Indexing Design Fundamentals / Identifying Key Workloads
All queries running on a production system should be supported by an index, but indexes come at a cost.
We should only create the minimum amount of indexes needed to support our queries.
To make sure that we only create the indexes that we need, we must understand our key queries and query patterns for critical workloads. In this video, we'll identify and analyze key queries for an example app in order to determine how many indexes we need to create.
In our example, we're working on a messaging application that is used by a financial institution, Leafy Bank, for secure and seamless communication with their customers.
MongoDB stores several collections for this application.
For this demo, we'll focus on the messages collection.
This collection stores all communications exchanged between the bank and its customers.
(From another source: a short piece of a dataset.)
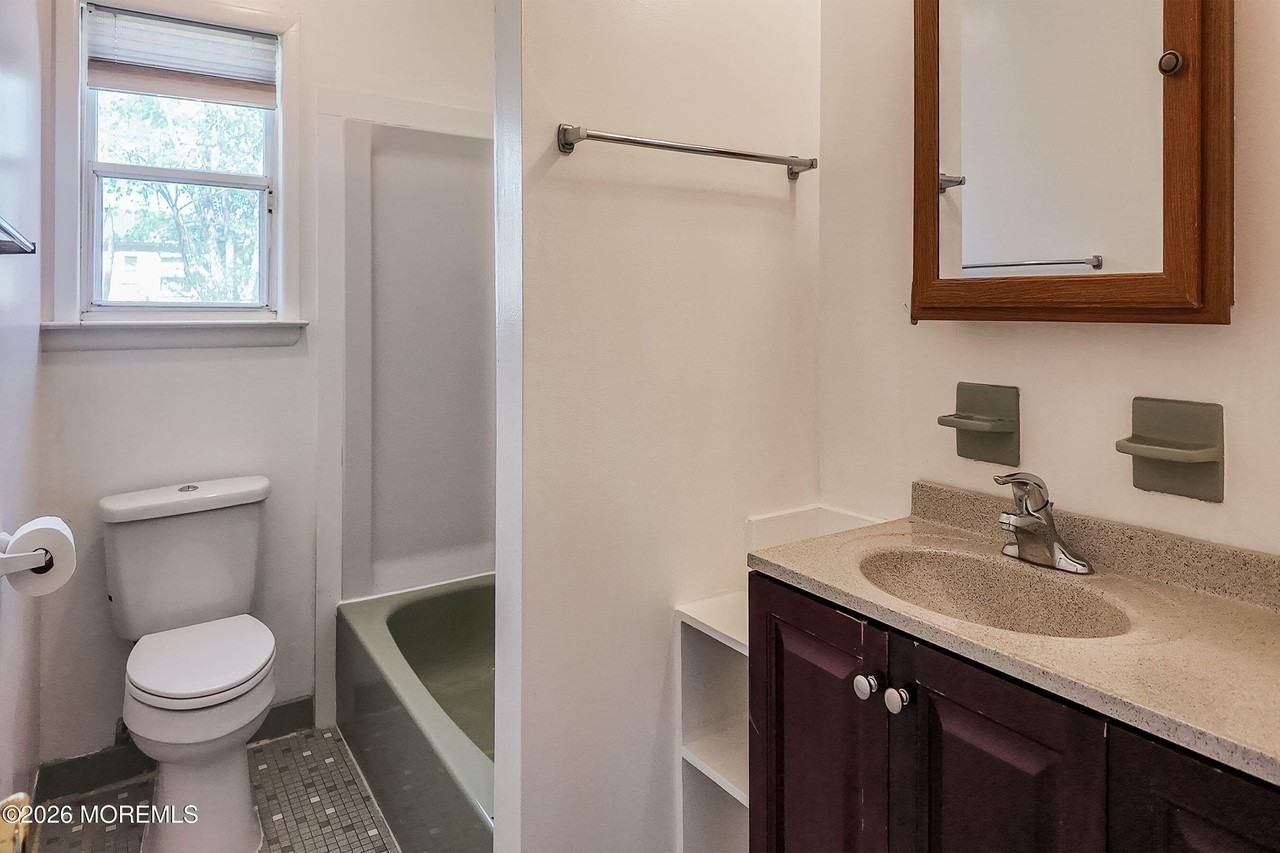 202 Keller St - Photo 5 of 11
A typical document in the messages collection looks like this. Currently, this collection doesn't have any indexes except for the default index on the underscore ID field. In this demonstration, we'll create a few of the indexes necessary to support queries on the messages collection.
The queries that we'll focus on are a part of a workload that retrieves and filters messages for a user's inbox.
Luckily, we have a framework to guide us through the process. To do this, we need to identify and analyze queries for key workloads, create the minimum number of indexes needed to support those queries, and monitor and maintain those indexes. We'll start by identifying and analyzing queries that retrieve messages for our users inbox.
At this stage, we want to identify common patterns and components shared across queries.
With this information, we can create the minimum number of indexes that we need. This step will help us avoid creating redundant indexes.
Ideally, identifying and analyzing queries will happen in a preproduction environment.
However, as your application evolves, the nature of data access and query patterns may change, requiring adjustments to queries and indexes. To identify if a MongoDB collection needs an index, start by monitoring for slow performing queries using MongoDB Query Profiler.
For more information, check out our skill badge on monitoring tools.
Let's take a look at the queries that we'll be working with in this demo. The first query is used to retrieve documents from the messages collection for a specific user identified by user ID, where the document time stamps fall within a specified date range.
The results are sorted in descending order based on the timestamp.
This ensures that the most recent entries in the given date range appear first.
This query pattern is commonly used for displaying recent activity or messages for a user within a certain time period.
The second query is used to find all messages for a user within a time range and sort those messages by category.
This feature helps users quickly find and manage important notifications related to specific categories, such as transactions, loans, or system updates. The final query filters documents by user ID and is read fields. This query is used to track which messages have been read by a user. It can also be used to serve regulatory or compliance purposes by providing an audit trail of message engagement. Now let's compare the queries to see if we can find any similarities.
By identifying similarities between our queries, we can determine the fewest number of indexes that will need to support them. Because in many cases, similar queries can be supported by the same index. All three queries filter documents based on the user ID field.
The first two queries also filter within a particular date range using the time stamp field, the first source by time stamp, and the second by category.
The third query filters using the is read field in addition to user ID. Based on these patterns, we can create only two compound indexes to support all three queries.
A compound index supports queries using two or more fields and can reference up to thirty two fields.
If you're coming from a relational database background, a compound index is similar to a composite index. Like a single field index, the leaf nodes of a compound index store field values and the record IDs that point to relevant documents in the collection.
Notice that combined values are sorted first by the first field or prefix and then by the second field.
Back to our example, we can use one compound index on user ID, time stamp, and category to support the first two queries.
In addition to this index, we'll also need to create a compound index on user ID and is read for the third query.
So we will be able to support all three queries with just two compound indexes. While compound indexes are not the only type of index provided by MongoDB, they're the most commonly used.
We'll explore creating the compound indexes for this scenario to learn how to apply best practices.
Let's recap what we learned in this video.
We introduced you to our example bank messaging app and explained why we need to create indexes on the messages collection. We took the first step in this process by identifying queries that can benefit from an index.
Finally, we analyze the queries to identify similarities.
This analysis helped us develop the minimum number of indexes that efficiently support all our query requirements.